From 1946 on, Arlott covered every home Test match. On air, he sounded markedly different to other commentators; he was criticised by Sir Pelham Warner for using player’s first names. The old boy felt this was too familiar.This from a man known to his intimates as “Plum”.

Arlott also covered MCC tours, significantly including the 1948-1949 trip to South Africa. “The Voice is coming” announced the local newspapers. Listeners in the Cape had heard his commentary on the South African Tests in 1947.

Arlott missed one of the cricketing highlights of that tour, going to his bed exhausted rather than make a trip for what seemed to be a minor match at Benoni. A wise choice but for the fact that Denis Compton took apart the local bowling and hit a triple hundred.

That decision had other, far-reaching implications for international sport.

Later that day, Arlott witnessed first-hand the horror of apartheid, seeing a black man being kicked into the street. A decade later, when a young South African cricketer, categorised as “coloured” under the apartheid laws, wrote to Arlott asking for help, the journalist wrote back and acted to assist his move to England. The player was Basil d’Oliveira, whose role as an England cricketer was the catalyst for the international sporting boycott of apartheid South Africa.

“Say that cricket has nothing to do with politics and you say that cricket has nothing to do with life,” Arlott would say.

Such was Arlott’s mastery of the airwaves that it is possible to forget that Arlott was a fine newspaper writer, first for the News Chronicle, later at the Observer and Guardian, on football as well as cricket.

Indeed, in the 1950s, Arlott even reported Manchester United’s scintillating victory at Arsenal, and anticipated a trip to cover their European Cup quarter-final. Much to his disappointment, he was told that he would not be going after all. That match, of course, was in Belgrade, and the Manchester united team and journalists returned via Munich on February 6, 1958.

Poetry remained a life-long passion for Arlott, who had many interests and areas of expertise on which to write. A chance recommendation of an appropriate vintage to a journalistic colleague led to assignment to write about wine, another great passion for Arlott.

He also had strong political conviction. “Politics governs everything we do – the games we play, the way we play them, who we play,” he said. Arlott twice stood as a Liberal parliamentary candidate in Epping in the days before celebrities did that sort of thing. He lost.

His early cricket books were loving chronicles of a season. Gone With the Cricketers evokes a wonderful picture of post-war cricket and was dedicated to his father “who knows nothing about cricket and cares even less but who wos very good to me”.

As the biographer of Fred Trueman, Arlott was appropriately on the air when FST claimed his 300th Test wicket in 1964, dismissing Australia’s Neil Hawke.

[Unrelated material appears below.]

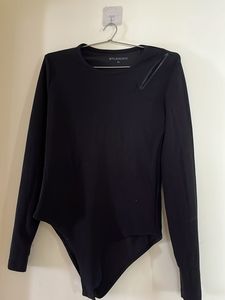 Black Long Sleeve Bodysuit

“There was no nicer touch than Trueman congratulating Hawke,” he said.

A decade later and Arlott’s superb command of the language was still delighting listeners. Of the bowling run-up of Asif Masood, he said, “He looks like Groucho Marx chasing a pretty waitress.”

Of WG Grace, Arlott noted waspishly, “His personality was such that it is remembered by those who played with him to the exclusion of his actual performance.”

And of one of his favourite players, Jack Hobbs, Arlott said, “Others scored faster; hit the ball harder; more obviously murdered bowling. No one else, though, ever batted with more consummate skill.”

You got the impression that Michael Angelow was listening to Test Match Special and timed his run accordingly during the 1975 Lord’s Test. Angelow was the ship’s cook who assumed that Lord’s was a “clothes optional” ground and became the first streaker at the home of cricket. Arlott described his display in superb terms, right down to“the final exhibition”.

In those days, Arlott would work many a Sunday afternoon for television on Sunday league matches, delighting a new audience. A highlight of many a tea time was Arlott with a cameraman wandering through a county pavilion and, unscripted, talking about what he found, tales of the greats and of lesser known cricketers. It was a veritable tour de force.

It seems scarcely possible that there is now a whole generation of cricketers and cricket journalists who never heard Arlott. Their education in the game is the poorer.